He checked Brentwood and found him breathing in quick short gasps. The wounded man held both hands across his stomach. His eyes were closed.

Mullins bent to his ear. “Robert?”

Brentwood's eyelids fluttered a second and then opened. He turned his head, searching for Mullins.

“Ned?” he whispered.

“He's dead. So is Felicia. We're going to get you help.”

“No. I've nothing more to live for.”

“Robert, we're trapped down here. Tell us the code and we'll all get out.”

Mullins heard footsteps and looked up to see Li with Peter. The boy's eyes were wide and wet. His Washington Nationals cap was askew and he clutched the Asimov book in both hands.

Brentwood followed Mullins' gaze. “Peter. Well done.”

Peter was terrified at the sight of the bleeding man. He managed a whispered, “Thank you.”

“You keep that book safe,” Brentwood said in short bursts of breath. “I'm leaving you in charge.”

“I will. I promise.”

Brentwood's eyes lost focus for a second, and then he rallied. “You need to get out. The code is pi.”

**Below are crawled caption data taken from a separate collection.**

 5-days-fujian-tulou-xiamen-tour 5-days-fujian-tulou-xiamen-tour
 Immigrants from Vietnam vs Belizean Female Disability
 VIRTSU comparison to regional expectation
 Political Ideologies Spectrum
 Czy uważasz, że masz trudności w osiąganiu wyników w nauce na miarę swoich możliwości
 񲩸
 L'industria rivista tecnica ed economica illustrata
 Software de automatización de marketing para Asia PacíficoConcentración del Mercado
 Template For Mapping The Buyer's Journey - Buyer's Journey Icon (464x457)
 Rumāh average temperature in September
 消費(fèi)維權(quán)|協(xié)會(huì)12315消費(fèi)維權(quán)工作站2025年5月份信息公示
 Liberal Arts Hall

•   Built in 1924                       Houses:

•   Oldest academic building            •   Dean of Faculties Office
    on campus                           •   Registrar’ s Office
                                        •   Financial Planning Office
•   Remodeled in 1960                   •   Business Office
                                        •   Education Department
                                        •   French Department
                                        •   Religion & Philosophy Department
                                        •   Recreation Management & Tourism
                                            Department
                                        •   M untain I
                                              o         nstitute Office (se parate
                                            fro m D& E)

“How many decimal points?” Li asked

“Seven,” Brentwood whispered. “May I have a large container of coffee?”

Li smiled. “Clever.”

“Pie and coffee?” Mullins asked.

“The number for pi,” Lisa said. “P. I. The words give you the individual numbers. 3.1415926.”

“Then you and Peter need to go now. Kayli and Josh are in the elevator.”

“What about you and Robert?”

“We have unfinished business. Now go!”

Li didn't argue. She grabbed Peter's arm and pulled him with her.

“Mr. Mullins, please come,” the boy cried.

“I'll be up soon. Take care of Josh. He's scared.”

Mullins watched the elevator door close behind them. Then he heard the motor hum.

He turned back to Brentwood. Most of the color had gone from his face.

“The others…” Mullins said. “They're here, aren't they?”

Brentwood's tongue flickered across his lips. “Yes.”

“The code's the same?”

“Yes, I cared for them. No one was harmed.”

Brentwood's voice was so weak Mullins could barely hear him.

“I want to follow Apollo. Let me be.” He raised one bloody hand and touched Mullins' cheek. “I was not my father.”

“I know, Robert. You like to blow bubbles.”

Brentwood dropped his hand back to his stomach, then closed his eyes.

“May I have a large container of coffee?” Mullins repeated the sentence in his head as he bent low and ran through the thickening smoke to the door Li had shown him on the building schematic. He found the keypad and repeated each word as he punched in the corresponding digit. The door opened. Seven people rushed out, coughing as they came.

“Follow me,” he said. “There's no fire down here. Just keep low.”

Mullins led them to the elevator. Several gasped as they swung around the bodies of Farino, Felicia, Brentwood and Jenkins. On the console, the burner phone rang. The President would have to wait.

Mullins urged everyone into the elevator. He thought he recognized the two professors from Boston. The last person in was a young woman, pale and thin.

She stood beside him. As the elevator rose, she said, “Thank you, Rusty.”

The upper floor wasn't the chaotic nightmare Mullins feared. The rows and rows of the black monolithic processors were dark, although a few still flashed sporadically with arcing electricity. The group made it only halfway to Brentwood's lobby when a team of FBI agents intercepted them. Lindsay Boyce was in the lead.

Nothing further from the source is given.